C'est désormais un tableau culte, aussi connu que la Joconde, pres-que aussi souvent reproduit, aussi galvaudé dans d'innombrables interprétations et, comme la célèbre toile de Léonard de Vinci, placé derrière une épaisse vitre depuis son exposition au public au musée d'Orsay en juin 1995. Selon le catalogue, la toile représente «le ventre et le sexe brun-roux d'une femme, les cuisses écartées et le torse renversé». Une description basique de l'Origine du monde de Courbet, oeuvre unique en son genre. Après tant d'autres, le romancier et essayiste turc Enis Batur fut fasciné.
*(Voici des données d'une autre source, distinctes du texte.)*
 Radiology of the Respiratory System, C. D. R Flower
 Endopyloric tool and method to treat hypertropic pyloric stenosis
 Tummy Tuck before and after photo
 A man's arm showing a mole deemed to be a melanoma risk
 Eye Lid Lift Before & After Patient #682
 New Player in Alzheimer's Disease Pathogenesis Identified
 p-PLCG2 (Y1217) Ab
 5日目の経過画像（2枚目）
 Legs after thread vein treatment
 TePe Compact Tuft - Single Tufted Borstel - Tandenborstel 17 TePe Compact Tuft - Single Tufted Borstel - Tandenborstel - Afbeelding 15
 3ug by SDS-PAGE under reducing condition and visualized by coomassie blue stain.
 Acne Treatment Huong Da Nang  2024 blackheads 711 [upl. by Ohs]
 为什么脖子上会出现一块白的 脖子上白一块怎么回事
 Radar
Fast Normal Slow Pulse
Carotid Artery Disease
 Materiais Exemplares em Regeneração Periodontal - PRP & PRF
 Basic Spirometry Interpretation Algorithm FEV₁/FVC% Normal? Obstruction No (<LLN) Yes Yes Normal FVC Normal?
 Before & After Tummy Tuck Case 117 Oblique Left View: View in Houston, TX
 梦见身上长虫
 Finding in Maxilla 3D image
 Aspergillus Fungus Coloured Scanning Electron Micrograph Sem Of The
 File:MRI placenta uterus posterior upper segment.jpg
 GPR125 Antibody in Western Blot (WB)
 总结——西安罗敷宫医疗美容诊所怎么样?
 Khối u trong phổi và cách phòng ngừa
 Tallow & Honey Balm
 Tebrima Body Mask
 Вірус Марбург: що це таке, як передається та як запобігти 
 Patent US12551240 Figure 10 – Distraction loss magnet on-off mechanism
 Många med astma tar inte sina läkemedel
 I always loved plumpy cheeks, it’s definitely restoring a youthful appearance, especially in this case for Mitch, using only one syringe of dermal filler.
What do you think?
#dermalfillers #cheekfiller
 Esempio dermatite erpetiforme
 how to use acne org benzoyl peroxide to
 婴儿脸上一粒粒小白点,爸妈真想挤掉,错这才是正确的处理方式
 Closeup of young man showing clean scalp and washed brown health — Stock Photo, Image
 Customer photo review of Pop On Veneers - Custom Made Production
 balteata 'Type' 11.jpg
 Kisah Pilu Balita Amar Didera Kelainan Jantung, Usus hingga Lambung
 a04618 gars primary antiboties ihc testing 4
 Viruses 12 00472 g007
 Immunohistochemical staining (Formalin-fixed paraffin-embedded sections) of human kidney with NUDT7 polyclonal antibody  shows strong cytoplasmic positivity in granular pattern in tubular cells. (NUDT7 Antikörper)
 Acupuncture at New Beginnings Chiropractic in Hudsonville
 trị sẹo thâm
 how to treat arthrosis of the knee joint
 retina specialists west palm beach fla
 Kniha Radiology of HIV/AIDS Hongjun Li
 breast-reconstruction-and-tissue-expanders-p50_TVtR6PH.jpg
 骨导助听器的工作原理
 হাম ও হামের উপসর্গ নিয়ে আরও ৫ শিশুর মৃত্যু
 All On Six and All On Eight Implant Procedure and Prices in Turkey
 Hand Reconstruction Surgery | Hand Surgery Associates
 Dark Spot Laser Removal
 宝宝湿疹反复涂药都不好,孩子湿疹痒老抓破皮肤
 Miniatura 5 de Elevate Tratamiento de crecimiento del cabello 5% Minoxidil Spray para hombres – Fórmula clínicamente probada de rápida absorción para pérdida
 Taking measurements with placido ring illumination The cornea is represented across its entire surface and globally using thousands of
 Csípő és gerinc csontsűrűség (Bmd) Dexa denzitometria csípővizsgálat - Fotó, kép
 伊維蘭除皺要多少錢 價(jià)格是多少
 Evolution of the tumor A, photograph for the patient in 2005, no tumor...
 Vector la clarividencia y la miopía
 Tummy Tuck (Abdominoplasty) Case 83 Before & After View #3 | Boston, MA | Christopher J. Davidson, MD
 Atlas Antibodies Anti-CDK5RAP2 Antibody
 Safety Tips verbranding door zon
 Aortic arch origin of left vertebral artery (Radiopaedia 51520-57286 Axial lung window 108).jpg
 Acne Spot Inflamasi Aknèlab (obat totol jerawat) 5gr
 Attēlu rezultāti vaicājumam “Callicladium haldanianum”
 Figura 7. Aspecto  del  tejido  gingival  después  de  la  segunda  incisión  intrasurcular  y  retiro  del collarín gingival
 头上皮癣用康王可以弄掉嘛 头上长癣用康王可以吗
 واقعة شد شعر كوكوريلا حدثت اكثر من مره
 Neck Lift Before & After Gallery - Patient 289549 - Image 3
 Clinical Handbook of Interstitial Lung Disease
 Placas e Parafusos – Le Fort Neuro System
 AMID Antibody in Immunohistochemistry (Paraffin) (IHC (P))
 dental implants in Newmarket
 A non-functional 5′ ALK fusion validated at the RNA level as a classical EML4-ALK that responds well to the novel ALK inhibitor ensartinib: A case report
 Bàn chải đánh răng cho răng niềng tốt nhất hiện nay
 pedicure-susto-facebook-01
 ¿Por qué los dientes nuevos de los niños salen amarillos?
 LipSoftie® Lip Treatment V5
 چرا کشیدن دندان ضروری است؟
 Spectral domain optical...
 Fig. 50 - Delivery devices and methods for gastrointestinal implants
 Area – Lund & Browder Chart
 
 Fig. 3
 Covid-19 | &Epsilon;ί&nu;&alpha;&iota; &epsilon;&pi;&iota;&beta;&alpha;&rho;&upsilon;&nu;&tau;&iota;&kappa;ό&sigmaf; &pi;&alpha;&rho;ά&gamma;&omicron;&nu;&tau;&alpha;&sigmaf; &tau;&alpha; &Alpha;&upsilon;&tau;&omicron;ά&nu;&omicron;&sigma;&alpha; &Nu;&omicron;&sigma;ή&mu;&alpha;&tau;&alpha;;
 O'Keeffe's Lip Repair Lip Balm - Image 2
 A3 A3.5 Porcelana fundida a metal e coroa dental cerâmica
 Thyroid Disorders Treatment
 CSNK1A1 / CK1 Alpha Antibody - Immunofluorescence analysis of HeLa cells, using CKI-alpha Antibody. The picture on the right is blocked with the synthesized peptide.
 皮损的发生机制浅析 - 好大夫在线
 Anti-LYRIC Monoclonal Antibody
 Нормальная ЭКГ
Revendiquant sa proximité intellectuelle avec Umberto Eco, ce maître dans l'art de la digression narre en ce nouveau roman mosaïque le grand étonnement suscité en Occident par cette toile sulfureuse. Elle incarne en effet une véritable rupture dans l'histoire de l'art occidental. Par son sujet. Par sa manière. «En osant peindre son morceau de chair, Courbet a rendu possible le démembrement des corps qui sera à l'oeuvre au XXe siècle des Demoiselles d'Avignon aux portraits de Francis Bacon», souligne Michèle Haddad, auteur de plusieurs ouvrages incontournables sur l'art de Courbet et sur l'Origine du monde.

Peinte vraisemblablement en 1866, cette oeuvre fut pendant plus d'un siècle cachée par ses propriétaires successifs. Son commanditaire, Khalil Bey, ambassadeur ottoman à Paris, grand viveur et grand flambeur devant l'Eternel, l'avait installée dans sa salle de bains, la voilant derrière un rideau vert.